COUR ADMINISTRATIVE D'APPEL DE LYON — Décision N° CAA69-23LY03151

jeudi 2 mai 2024

JuridictionCOUR ADMINISTRATIVE D'APPEL DE LYON
SectionCOUR ADMINISTRATIVE D'APPEL DE LYON
N° DossierCAA69-23LY03151
TypeDécision
Recoursexcès de pouvoir
Formation4ème chambre - formation à 3

Texte intégral

Vu les procédures suivantes :

Procédure contentieuse antérieure

M. A a demandé au tribunal administratif de Lyon d'annuler les décisions du 19 octobre 2022 par lesquelles le préfet du Rhône a refusé de lui délivrer une carte de séjour, lui a fait obligation de quitter le territoire français dans le délai de trente jours et a désigné le pays de destination de cette mesure d'éloignement.

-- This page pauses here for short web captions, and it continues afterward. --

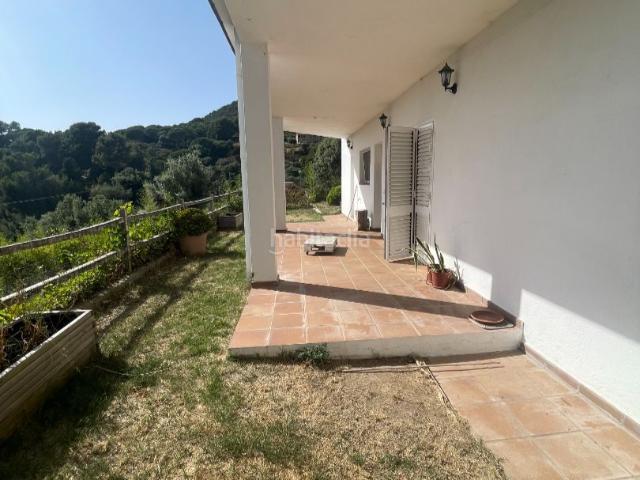 Chalet en venta en Ametlla del Vallès L´. Casa unifamiliar aïllada amb orientació sud i vistes al Vallès Oriental. Chalets Ametlla del Vallès.
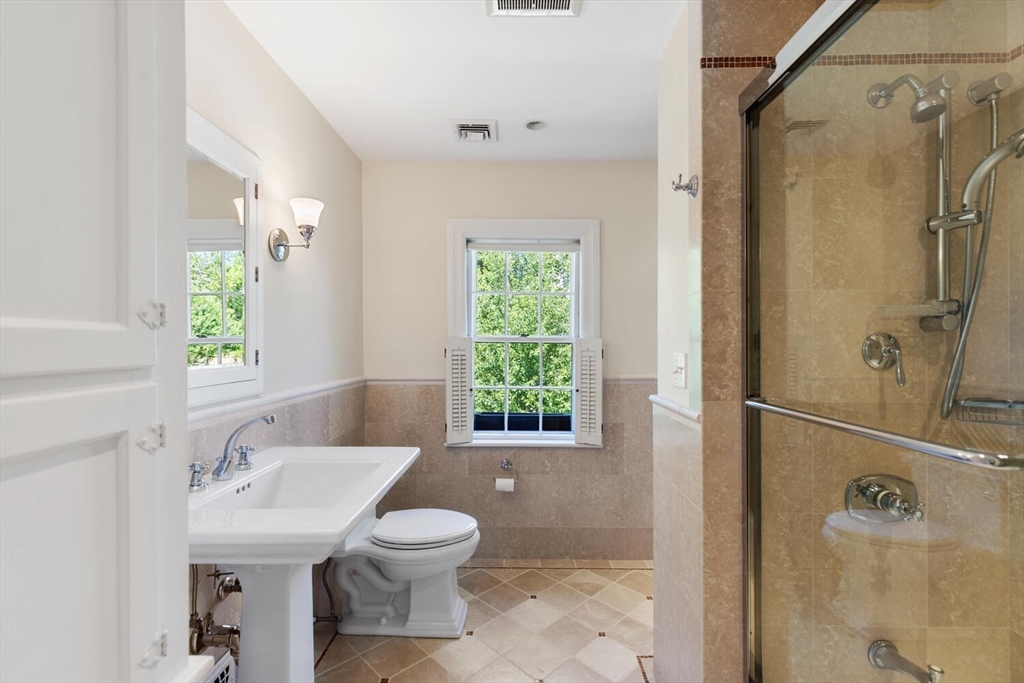 167 Willard Rd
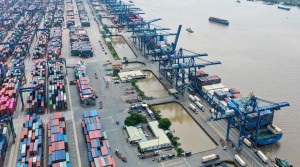 Lần đầu tiên xuất nhập khẩu Việt Nam vượt 900 tỷ USD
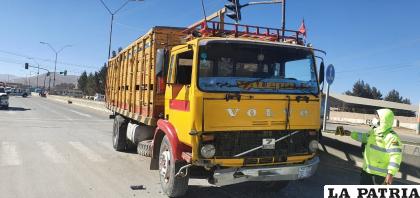 El camión amarillo en el punto de la colisión /LA PATRIA
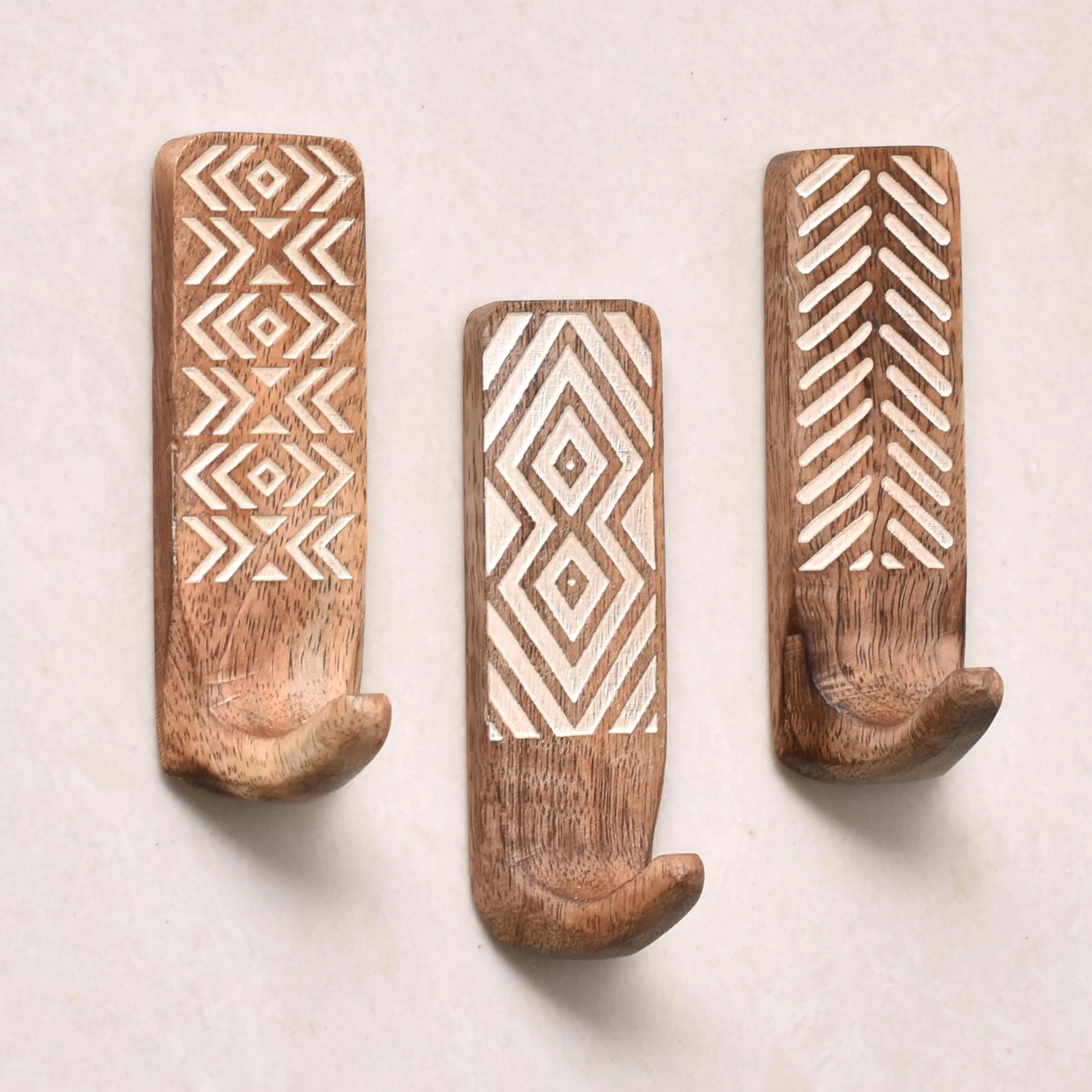 Boho Wooden Key Hanger Wall Mount Organiser (3-Pack Handmade Set) - Adhesive Backed Hooks & Rails, No-Damage, 10cm H x 3cm W, 0 - 5 Kg/10 lb Strong Hold, Brown & White, Easy Installation for Bathroom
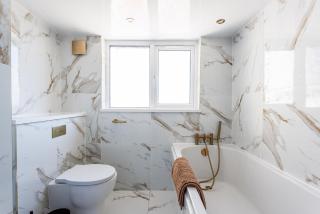 4 BR 2 Bathroom Modern HomeLONG STAYS - 1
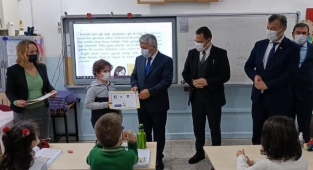 DİDİM'DE KARNE HEYECANINA KAYMAKAM YİĞİT ORTAK OLDU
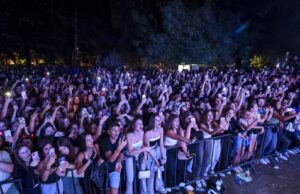 Преполн Паркот на Франкофонија синоќа за концертот „Нешто што ќе остане“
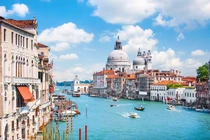 Những địa danh đẹp mê hồn đang có nguy cơ biến mất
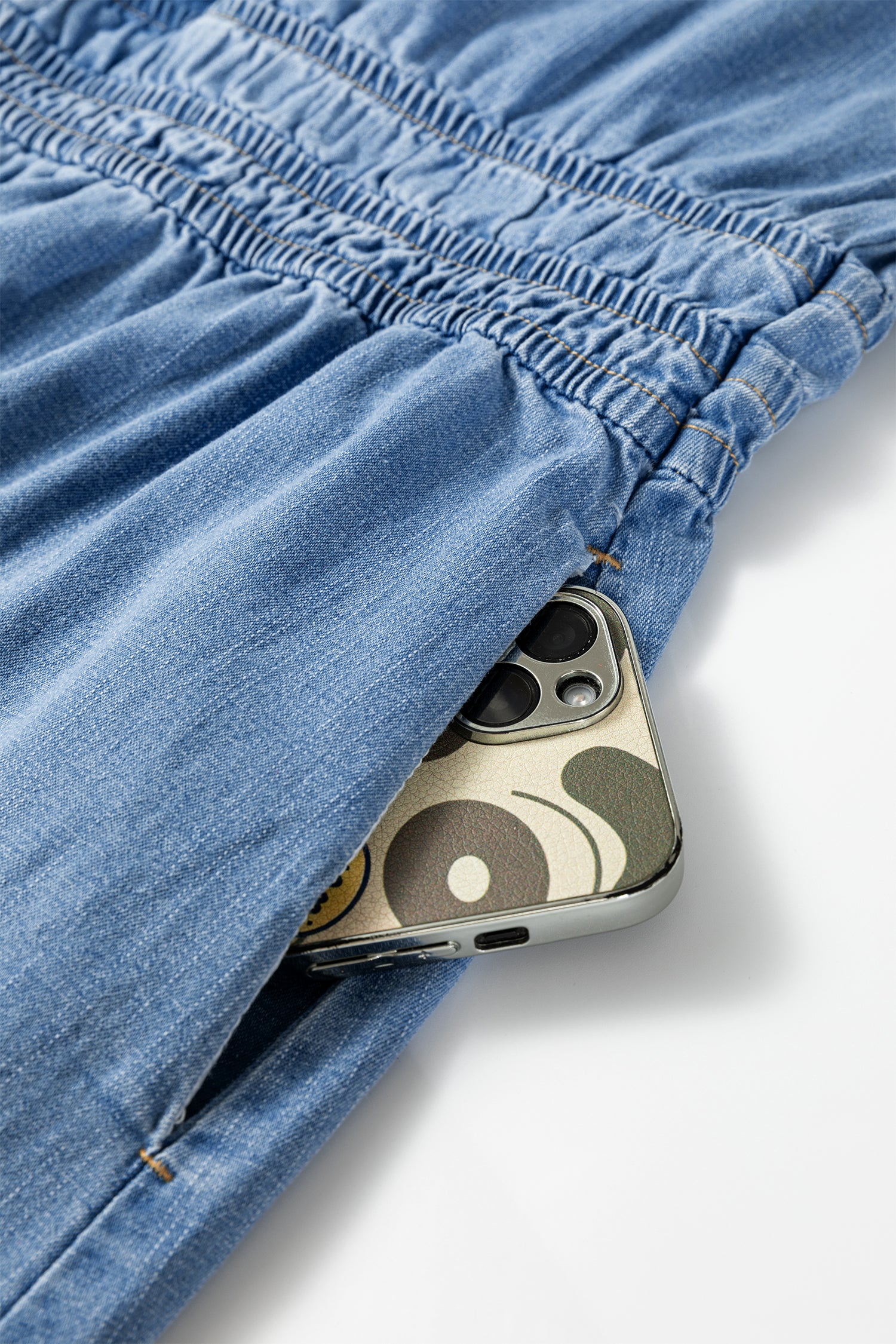 Robe mini en jean bleu myosotis — Taille smockée & col V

Par jugement n° 2208453 du 20 juillet 2023, le tribunal administratif de Lyon a rejeté cette demande.

Procédures devant la cour

I°) Par une requête et un mémoire enregistrés sous le numéro 23LY03151 le 6 octobre 2023 et le 8 décembre 2023, M. A, représenté par Me Paquet, demande à la cour :

1°) d'annuler ce jugement et les décisions du préfet du Rhône du 19 octobre 2022 ;

2°) d'enjoindre à la préfète du Rhône, après lui avoir remis un récépissé l'autorisant à travailler ou une autorisation provisoire de séjour sous quarante-huit heures, de lui délivrer une carte de séjour portant la mention " vie privée et familiale ", subsidiairement, de réexaminer sa situation, dans le délai d'un ou deux mois à compter de la notification de l'arrêt à intervenir, sous astreinte de cinquante euros par jour de retard ;

3°) de mettre à la charge de l'Etat la somme de 1 500 euros hors taxe, à verser à son conseil s'il devait être admis au bénéfice de l'aide juridictionnelle, en application de l'article L. 761-1 du code de justice administrative et de l'article 37 de la loi du 10 juillet 1991.

Il soutient que :

- le jugement attaqué est irrégulier à défaut d'avoir statué sur le moyen tiré de l'erreur manifeste d'appréciation commise par le préfet pour s'être abstenu de mettre en œuvre son pouvoir de régularisation discrétionnaire ;

- le refus de titre de séjour litigieux a implicitement rejeté la demande de titre de séjour qu'il avait présentée en préfecture le 14 octobre 2021 ;

- ce refus implicite est insuffisamment motivé, à défaut de réponse à sa demande de communication de motifs ;

- son auteur ne justifie pas de sa compétence, ni avoir préalablement procédé à un examen complet de sa situation personnelle ;

- ce refus implicite méconnaît les articles L. 435-1 et L. 423-23 du code de l'entrée et du séjour des étrangers et du droit d'asile ;

- le refus de titre de séjour explicitement opposé par le préfet du Rhône n'a pas été précédé d'un examen particulier de sa situation personnelle ;

- il est entaché d'inexactitude matérielle, les éléments relatifs à sa situation professionnelle étant probants ;

- il n'a pas été précédé d'une délibération collégiale des médecins de l'Office français de l'immigration et de l'intégration (OFII) en méconnaissance de l'article 6 de l'arrêté du 27 décembre 2016 ;

- il méconnaît l'article L. 425-9 du code de l'entrée et du séjour des étrangers et du droit d'asile et est entaché d'erreur manifeste d'appréciation ;

- l'obligation de quitter le territoire français dont il est assorti n'a pas été précédée d'un examen particulier de sa situation personnelle ;

- elle est entachée d'inexactitude matérielle, les éléments relatifs à sa situation professionnelle étant probants ;

- elle méconnaît l'article 8 de la convention européenne de sauvegarde des droits de l'Homme et des libertés fondamentales et est entachée d'erreur manifeste d'appréciation ;

- elle méconnaît l'article L. 611-3 9° du code de l'entrée et du séjour des étrangers et du droit d'asile ;

- les décisions fixant le délai de départ volontaire et le pays de destination sont illégales en raison de l'illégalité des décisions précédentes ;

- celle fixant le pays de destination méconnaît l'article 3 de la convention européenne de sauvegarde des droits de l'Homme et des libertés fondamentales.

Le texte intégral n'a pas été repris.